The global demand for energy shows no sign of slowing. Across the world, nations are using power in ever-expanding quantities and in new sectors, such as the widespread electrification of transport. But growing awareness of our climate crisis has resulted in national and international agreements around clean and renewable energy generation. That is prompting science, governments and industry to increasingly cast their nets towards the oceans.
Offshore renewable energy (ORE) has long been recognised as having huge potential. Since the 1970s, for example, wave energy has been recognised as a sustainable and clean way of powering our homes, industries and communities.
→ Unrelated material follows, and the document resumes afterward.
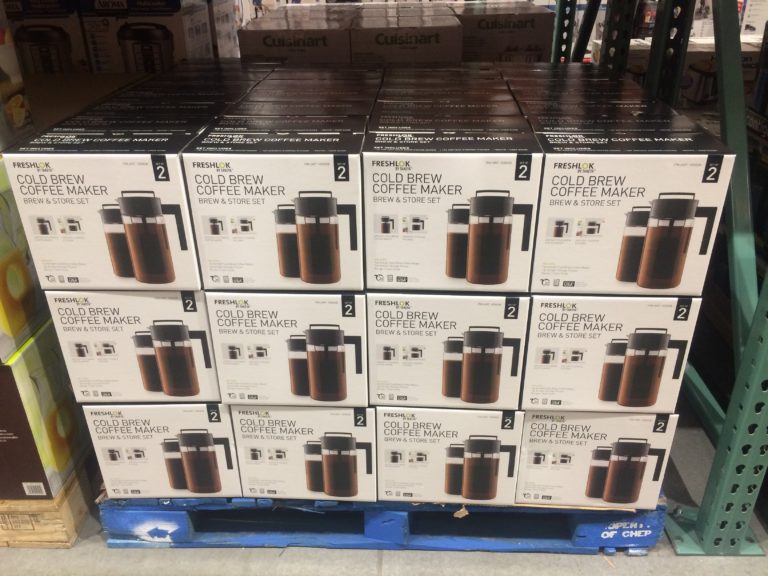 Costco1050038TakeyaColdBrewCoffeeMakerall CostcoChaser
Our own research now suggests it could provide at least 15% of the UK’s annual electricity and similarly, the UK has the second-highest tidal range in the world and there are estimates that around 50% of Europe's tidal energy resource lies in UK waters.
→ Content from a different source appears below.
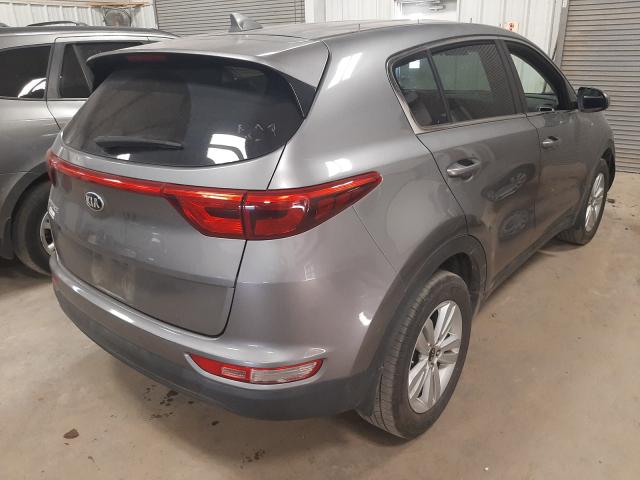 Photo 4 from auction – 2017 KIA SPORTAGE L with VIN KNDPMCAC5H7243528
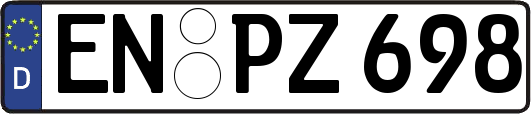 EN-PZ698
The UK’s offshore wind infrastructure, meanwhile, contributed 9.8% of the UK's power in the third quarter of 2019. The 2019 Offshore Wind Sector Deal committed the UK to building up to 30 gigawatts of offshore wind by 2030, with an ambition of increasing exports fivefold to £2.6 billion. It has recently been superseded by the UK Government’s Energy White Paper, which increases this target to 40 gigawatts.
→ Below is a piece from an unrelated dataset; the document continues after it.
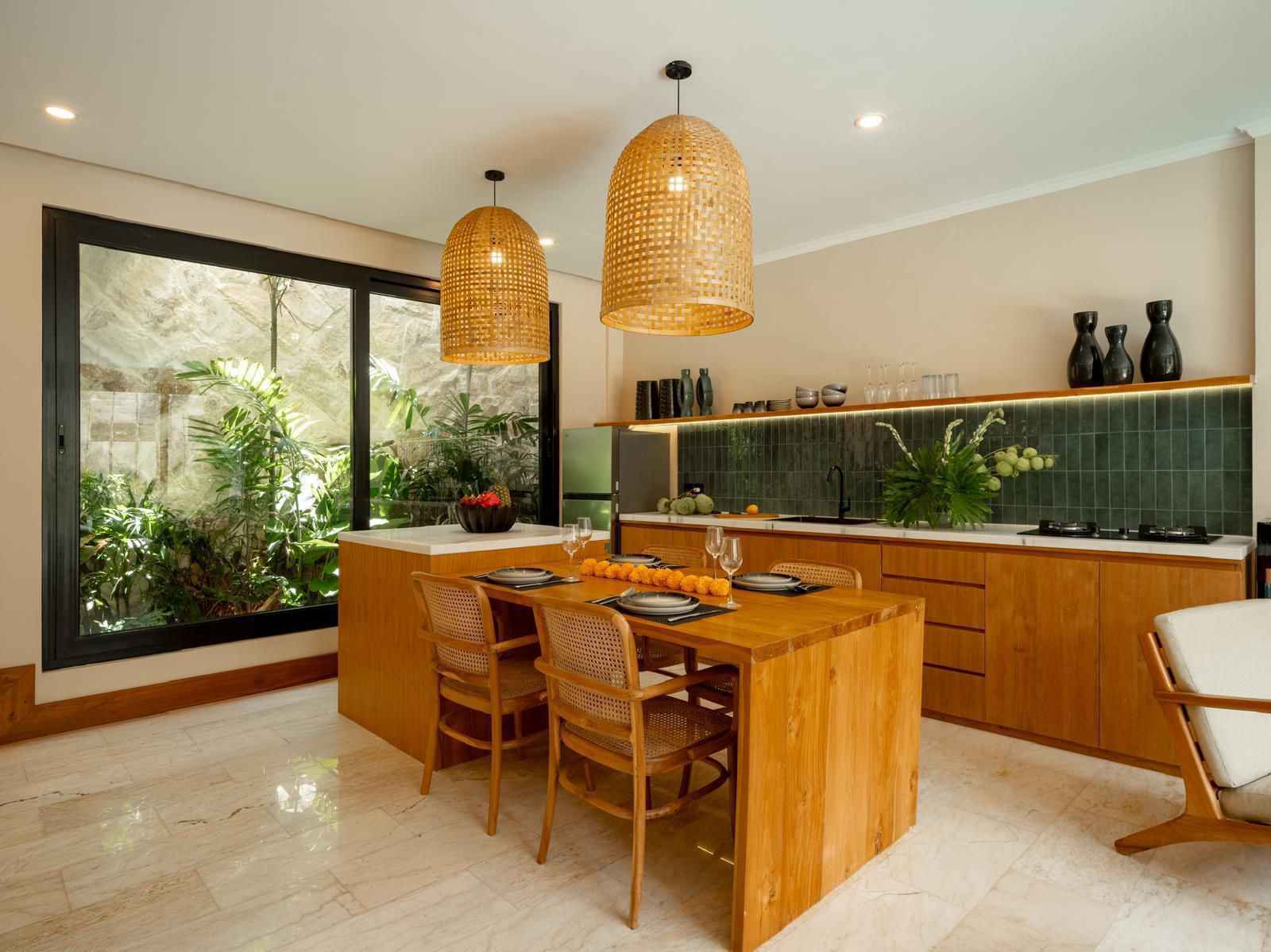 Вилла, 2 спальни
To help the country meet its Net Zero greenhouse gas emissions target by 2050, all these forms of ORE will be required. So although they are at different stages of maturity, the need to maintain and accelerate research and development is paramount.
The conditions right around the UK coastline – particularly in the Shetlands, Pentland Firth and Orkney, Hebrides, Pembrokeshire, South West England, and the North Sea – remain more than capable of supporting the necessary wave and tidal energy developments.
As an early leader, the UK wave energy sector has accumulated considerable experience, expertise and knowledge from the development and deployment of various prototypes and has a strong community of academics and industry. And there are estimates of up to 8,100 new jobs in wave energy by 2040.